ESR 4 Blog August 2021: Jenny Fradranski

Month of pleasures

It’s already end of August and I am longing for a magic spell to slow down time. August is the perfect month for practicing doing nothing or to read about it in Jenny Odell’s „How to Do Nothing: Resisting the Attention the Economy“ and to build a relationship with the birds outside of our windows instead of our multiple screens. But that requires time, since next to doing nothing there is so much else to do in our accelerating modern lives. For the past week I have been on vacation in nature reading „Losing Eden – Why Our Minds Need the Wild“ by Lucy Jones realizing how much I, but actually all of us, need the closeness to trees, the sea, the wild meadows, and the mountains to be psychologically and physically sane. Being in nature is a great way of practicing nothing. Jones writes that there are two ways of attention, one is the focused attention when we are trying to read and do something specific and the other one is the more gentle attention that is caught by the sound of the sea, a singing bird or the colors of the mountains. The balance of these two modes of attentions are crucial to restoring our energy – an insight that will help me to take my eyes off my screen more often.

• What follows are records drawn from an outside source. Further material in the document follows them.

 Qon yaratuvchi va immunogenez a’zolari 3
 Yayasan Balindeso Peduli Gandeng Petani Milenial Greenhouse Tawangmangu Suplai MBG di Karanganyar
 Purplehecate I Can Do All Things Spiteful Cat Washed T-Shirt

Research-wise this also has been going on:

For my first field work beginning of August I took part in a workshop by Radikale Töchter, a spin off from Zentrum für politische Schönheit. Radikale Töchter is a non-profit run by artists that specializes in giving workshops about art interventions around political issues mostly in the Eastern states of Germany where political apathy is widespread next to a dominance of right-extremist networks. The 2-day workshop took place in Wurzen close to Leipzig and was hosted by the Netzwerk für demokratische Kultur e.V.. We were a group of around 10 people of different ages. The first day was filled with getting to know each other, learning about different art interventions and how they had an impact in the public, but also with identifying the political issues that are disturbing us. The next day we split into two groups, one developed an art intervention on the topic of the sexualization of the female body (a machine that transforms the shape, color, gender and size of barbies producing unique barbies and thereby destroying the stereotypical one) and the other group, developed an art intervention on the topic of making people with migration background visible in Wurzen (a speaking stone that would lead passing people to the stories of migrants that are shown on big displays).

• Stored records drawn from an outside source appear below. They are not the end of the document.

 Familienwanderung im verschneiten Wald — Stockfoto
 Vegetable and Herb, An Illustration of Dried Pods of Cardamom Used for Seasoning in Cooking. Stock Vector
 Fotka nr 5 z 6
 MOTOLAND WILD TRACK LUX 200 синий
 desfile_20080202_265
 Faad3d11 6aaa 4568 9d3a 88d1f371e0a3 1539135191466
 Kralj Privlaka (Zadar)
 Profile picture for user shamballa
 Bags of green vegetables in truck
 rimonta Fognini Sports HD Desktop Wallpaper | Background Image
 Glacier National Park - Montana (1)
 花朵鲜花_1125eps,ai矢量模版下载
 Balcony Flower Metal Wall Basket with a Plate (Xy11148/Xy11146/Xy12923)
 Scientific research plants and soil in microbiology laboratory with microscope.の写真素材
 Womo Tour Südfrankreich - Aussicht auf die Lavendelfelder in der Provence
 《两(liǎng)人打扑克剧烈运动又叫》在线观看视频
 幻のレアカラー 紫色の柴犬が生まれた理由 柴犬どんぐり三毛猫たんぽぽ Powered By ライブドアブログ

For the development of our ideas we used a tool box developed by Radikale Töchter that included 9 steps or methods which I think is an excellent, easy accessible, but still challenging, way to come up with political art interventions. It showed me, and I think the other participants too, that it is not only fun to come up with crazy ideas but that it is also possible to make them happen.

The atmosphere in Wurzen was on the one hand very peaceful and quiet, since it is a small town with not much going on. The stories of the workshop participants and the employees at the Netzwerk für demokratische Kultur e.V. added another layer though, one of fear and exclusion. They told us that they have witnessed a hostile atmosphere for people with migration background due to the strong presence of right-wing and extremist groups. Also young people who are not taking on heteronormative identities and who have a leftist political orientation are well aware of when and where not to walk alone through the town and are leaving Wurzen – eventually moving to Leipzig which is a much more open-minded place.

The workshop was a politicizing experience, by coming together as a group and entering into dialogue about the local and more global political issues that we struggle with and it was an empowering experience by learning an approach to channel our energies and engage politically in the public sphere.